SpaceX IPO valuation is looking a little different again — still enormous, but no longer anchored above the $2 trillion mark floated earlier this spring. Ahead of what could become one of the biggest public offerings ever attempted, SpaceX has reset its minimum debut valuation to $1.8 trillion while still targeting a capital raise of up to $75 billion.
That shift matters because it suggests the company is trying to balance ambition with market reality. Even with the lower floor, the deal remains huge by any standard, and the coming days will show whether institutional investors are ready to back SpaceX at a price that would place it among the world’s most valuable companies.
The calendar is already taking shape. Investor presentations are set to begin June 4, final share pricing is targeted for June 11, and trading is planned on both Nasdaq and Nasdaq Texas under the SPCX ticker.
Summary
SpaceX IPO valuation resets to a $1.8 trillion floor
The revised SpaceX IPO valuation marks a pullback from April, when the company had been targeting a public debut above $2 trillion.
Now, the floor sits at $1.8 trillion. That is still a staggering number, but the reset points to a more calibrated approach as the roadshow nears. In practice, it gives underwriters and potential buyers more room to build support around the offering without abandoning SpaceX’s premium narrative.
The structure still aims to raise up to $75 billion. If the company reaches that full amount, the transaction would surpass previous global IPO records. That helps explain why markets are paying close attention: this is not just another listing, but a test of how much appetite exists for a company trying to bridge aerospace, communications, and AI infrastructure at historic scale.
Timeline for the SpaceX Nasdaq listing and SPCX ticker
The next major milestone comes quickly.
Investor presentations are scheduled to start June 4, with final share pricing targeted for June 11. Trading is expected to begin on Nasdaq and Nasdaq Texas using the SPCX ticker.
Those details give the market a clear framework, even if final terms are expected to take shape during the marketing process. The roadshow will be especially important because that is where big institutional investors will pressure-test the valuation, the growth story, and the company’s widening identity.
A group of 23 financial institutions is set to manage the offering, with Goldman Sachs, Morgan Stanley, Bank of America, Citigroup, and JPMorgan Chase in lead roles.
Filings show stronger revenue but a sharp swing to losses
For all the excitement around the debut, the filings show a more complicated financial picture.
Regulatory documents submitted May 20 reported that SpaceX brought in $18.7 billion in 2025 revenue, up from $14 billion the year before. That kind of top-line growth supports the case that the business is expanding rapidly and can still command one of the most aggressive valuations ever proposed for a public-market debut.
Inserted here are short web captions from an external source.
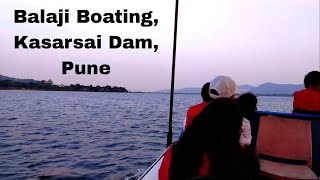 Balaji Boating Kasarsai Dam Pune  Balaji Boat Club Near Sneh Resort Lovers Paradise Pune [upl. by Ahsenit79]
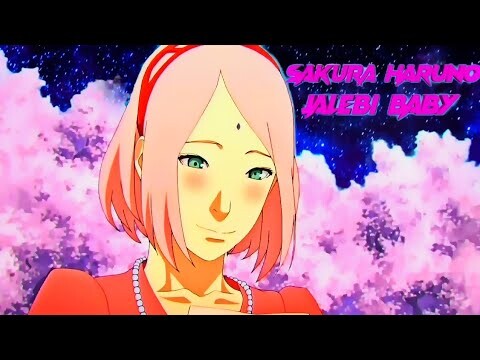 Sakura Haruno - Jalebi Baby Edit - talhamehmood196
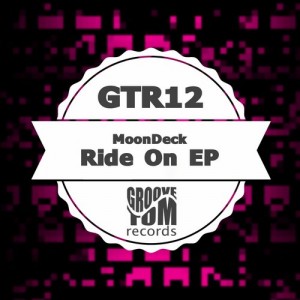 MoonDeck - Ride On EP [Groove Tom Records]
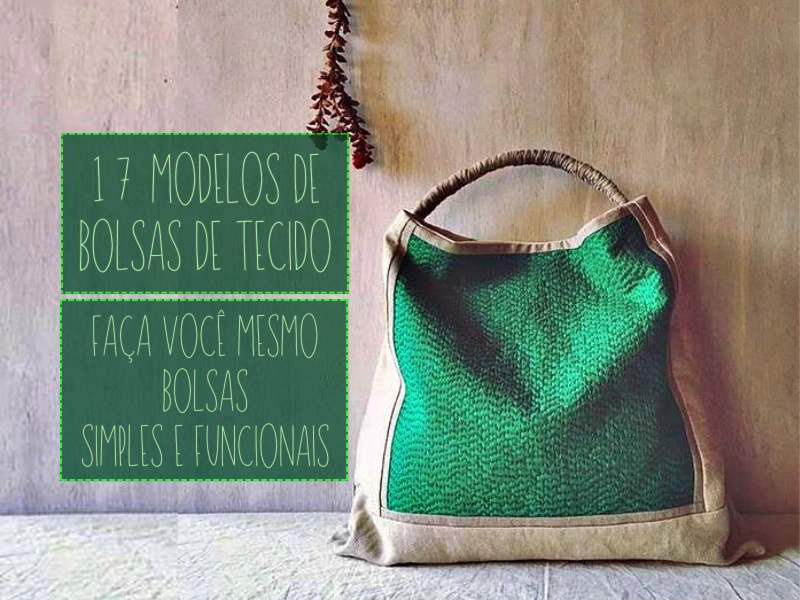 17 Modelos de Bolsas de Tecido: Faça Você Mesmo Bolsas Simples e Funcionais 17 Modelos de Bolsas de Tecido: Faça Você Mesmo Bolsas Simples e Funcionais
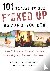 101 Places to Get F*cked Up...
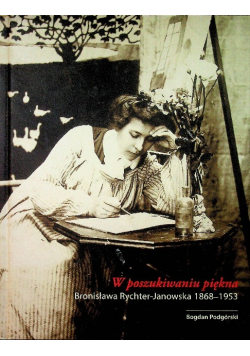 W poszukiwaniu piękna Bronisława Rychter Janowska 1868 1953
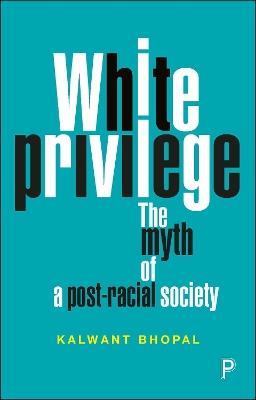 White Privilege: The Myth of a Post-Racial Society - Kalwant Bhopal - cover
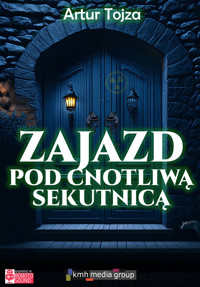 Zajazd pod cnotliwą sekutnicą - Artur Tojza - ebook + audiobook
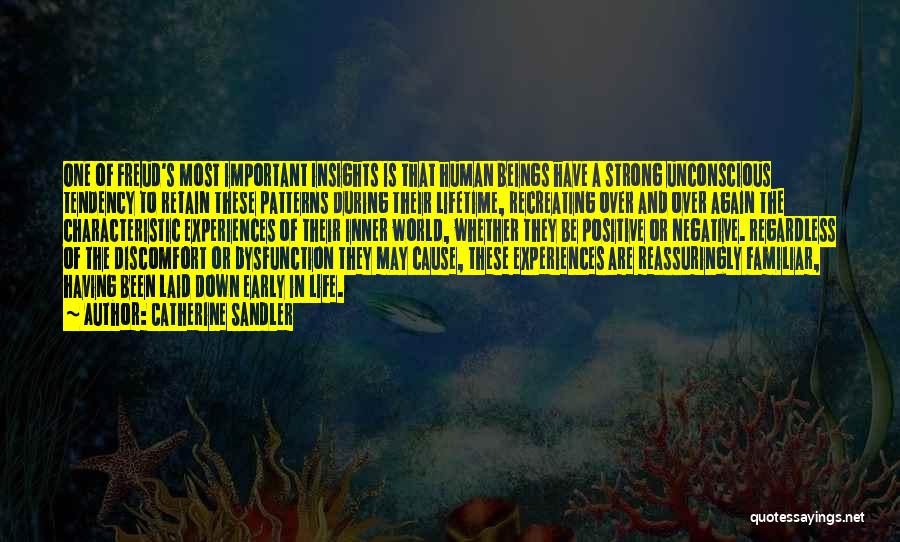 Catherine Sandler Quotes: One Of Freud's Most Important Insights Is That Human Beings Have A Strong Unconscious Tendency To Retain These Patterns During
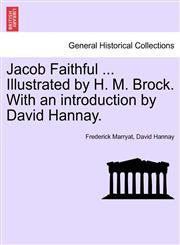 Jacob Faithful ... Illustrated by H. M. Brock. With an introduction by David Hannay.,1241573662,9781241573669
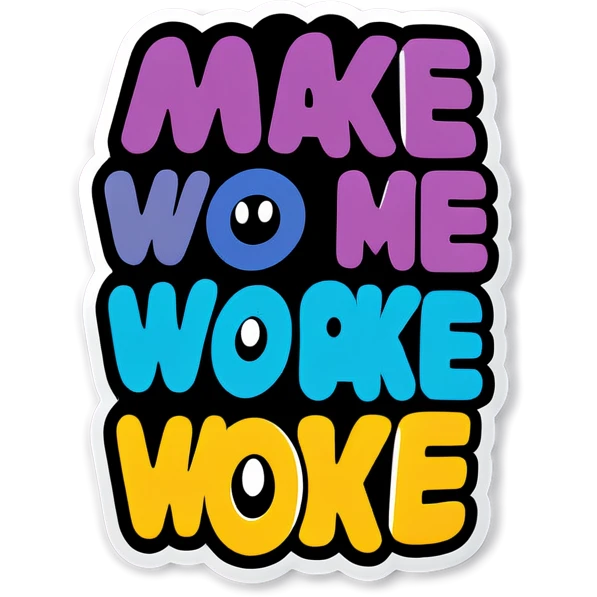Make me a sign saying #AwakeTheWoke emoji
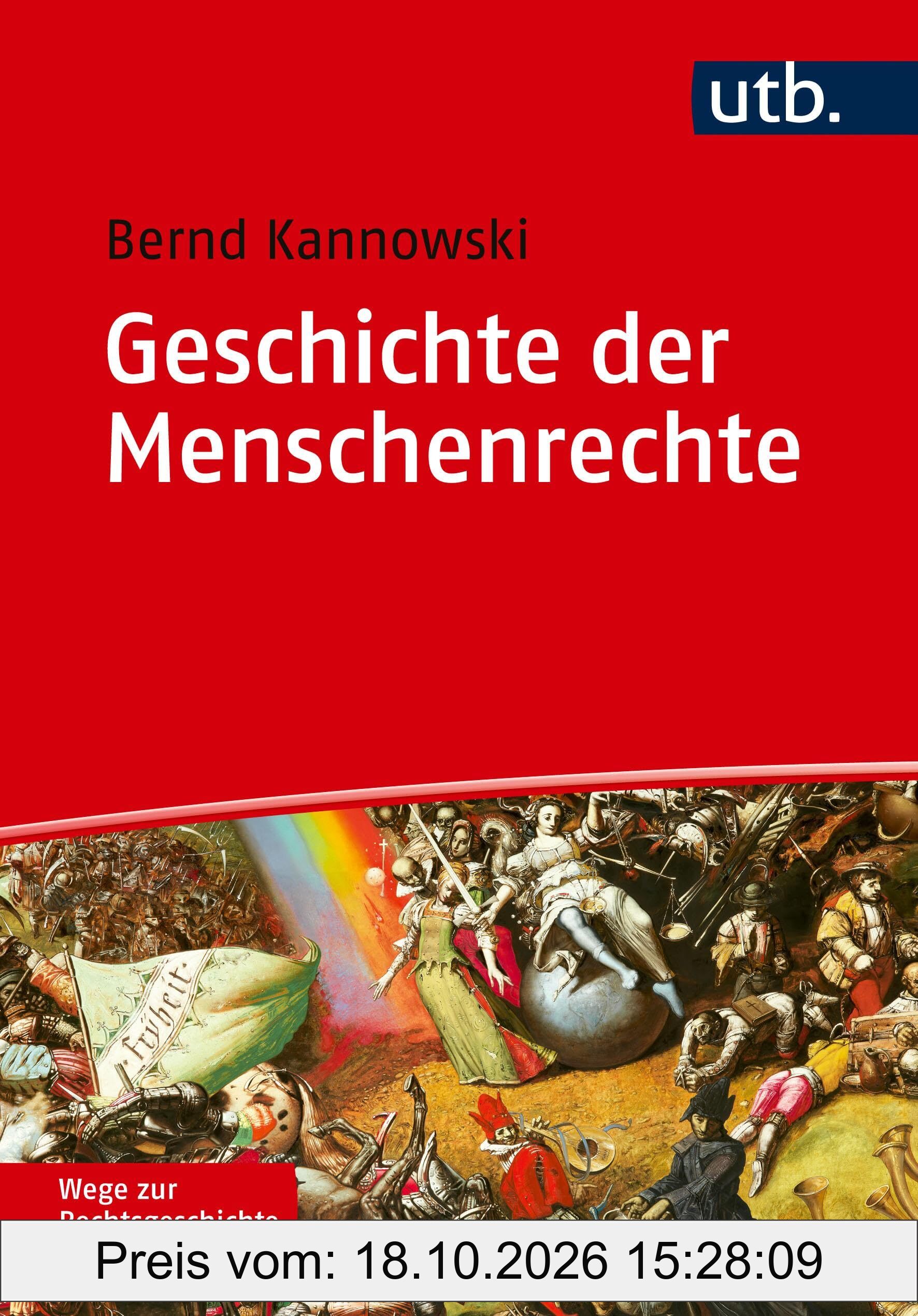 Geschichte der Menschenrechte (Wege zur Rechtsgeschichte)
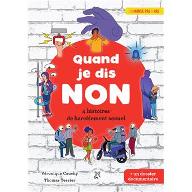 Quand je dis NON : 4 histoires de harcèlement sexuel suivi d'un dossier documentaire réalisé par l'autrice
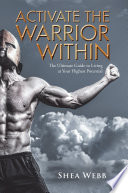 Activate The Warrior Within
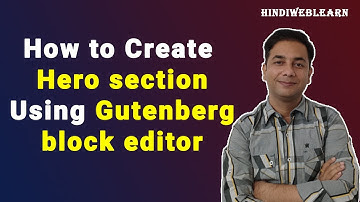 How to Create Hero Section using Gutenberg Block Editor in WordPress Website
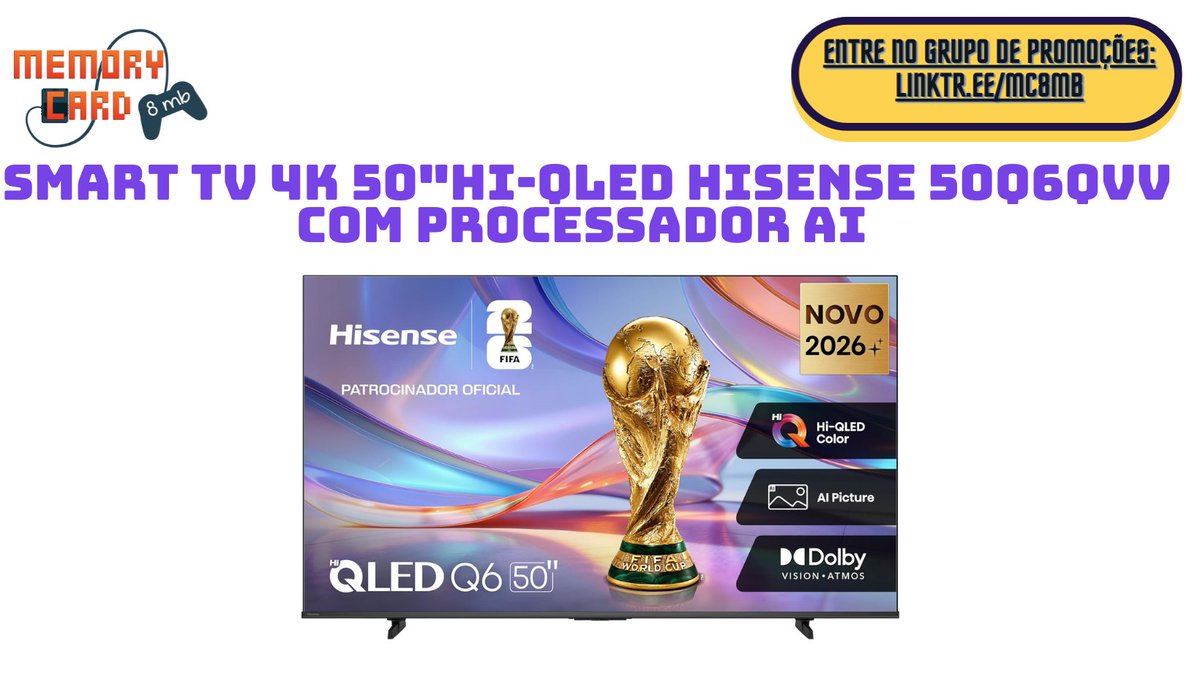 MC8MB's tweet photo. Smart TV 4K 50"Hi-QLED Hisense 50Q6QVV

Use o Cupom: PRIMEDAY2026
R$ 1.979,00 em até 12x

https://t.co/eYBZbeYL0z
_____

☑ Entre no Grupo de Promoções do Memory Card:
https://t.co/DxcfGwh3xg https://t.co/bHCnqeONL8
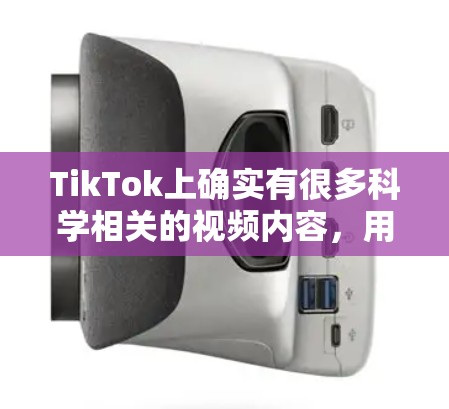 TikTok上确实有很多科学相关的视频内容,用户可以通过多种途径获取这些视频
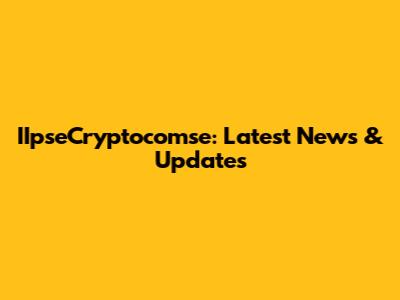 IIpseCryptocomse: Latest News & Updates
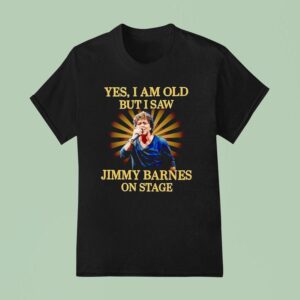 Yes I Am Old But I Saw Jimmy Barnes On Stage T Shirt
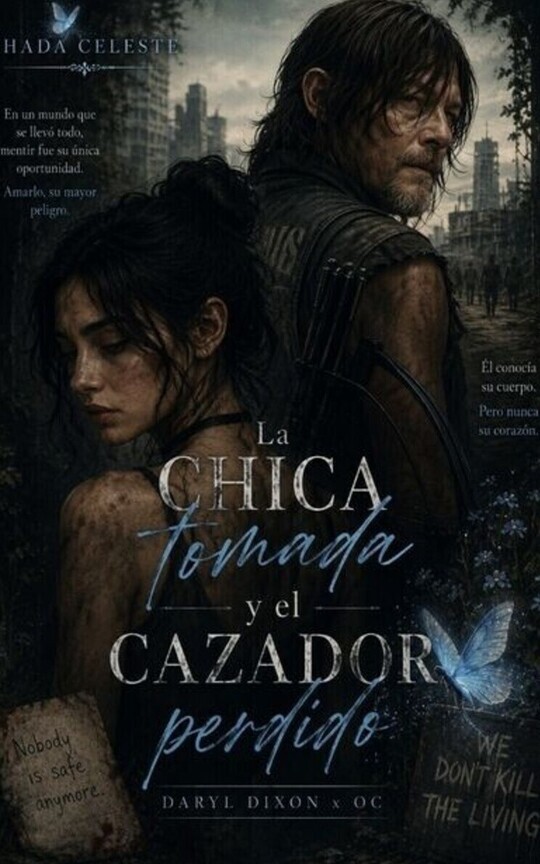 La chica tomada y el cazador perdido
However, revenue growth did not translate into profit. SpaceX posted a $4.94 billion deficit in 2025 after recording $791 million in net income in 2024.
That reversal is one of the most important facts in the filing. It shows investors are not simply being asked to fund a profitable aerospace leader. Instead, they are being asked to buy into a company spending heavily to reshape itself, with major capital deployment tied to AI infrastructure and broader expansion.
Why the losses may matter as much as the sales growth
This is one of the clearest reasons the offering may draw so much scrutiny.
A company can often defend heavy losses if investors believe the spending is building a much bigger platform. In SpaceX’s case, the question is whether the market sees those deficits as temporary costs of expansion or as a sign that the valuation has moved ahead of current earnings power.
That tension could define demand for the offering more than any headline number.
SpaceX is pitching more than rockets
The prospectus makes clear that SpaceX does not want to be valued as a traditional aerospace company alone. It is presenting itself as an AI services and infrastructure business, with plans that include orbital data center operations.
That is a major reframing. It helps explain both the company’s aggressive valuation ambitions and the surge in spending. A pure launch-and-space business might attract one kind of investor base. By contrast, a company that says it is building future AI infrastructure can reach for a very different valuation framework, especially in a market still willing to pay premiums for scale, compute, and data-heavy platforms.
The SpaceX IPO valuation story, then, is not only about rockets or launch cadence. It is about whether public investors accept the company’s argument that its next chapter belongs as much to AI infrastructure as to space transportation.
Elon Musk, xAI and the new corporate narrative
That repositioning grew sharper after SpaceX completed its acquisition of Elon Musk’s xAI division in February.
xAI oversees the Grok artificial intelligence platform and X social network, according to the prospectus language provided in the reporting. The transaction valued SpaceX at $1 trillion and xAI at $250 billion.
The deal gives more shape to the company’s evolving identity. It also helps explain why the prospectus leans so heavily into AI services, infrastructure, and future orbital data center operations. Rather than pitching public investors on one industry, SpaceX appears to be assembling a broader technology story with space assets, AI tools, and large-scale infrastructure all feeding the same valuation case.
Why investors are watching the narrative as closely as the numbers
This is the second big question hanging over the deal.
The success of the offering may depend on whether institutions buy the idea that SpaceX deserves to be priced like a next-generation infrastructure and AI platform, not just a space company with fast-growing revenue and rising losses. That distinction could shape how much flexibility the company has on final pricing and whether the roadshow strengthens or weakens support for the $1.8 trillion floor.
The roadshow begins June 4. By the time SPCX reaches Nasdaq and Nasdaq Texas, the market may have answered a bigger question than where SpaceX trades: what kind of company investors believe they are actually buying.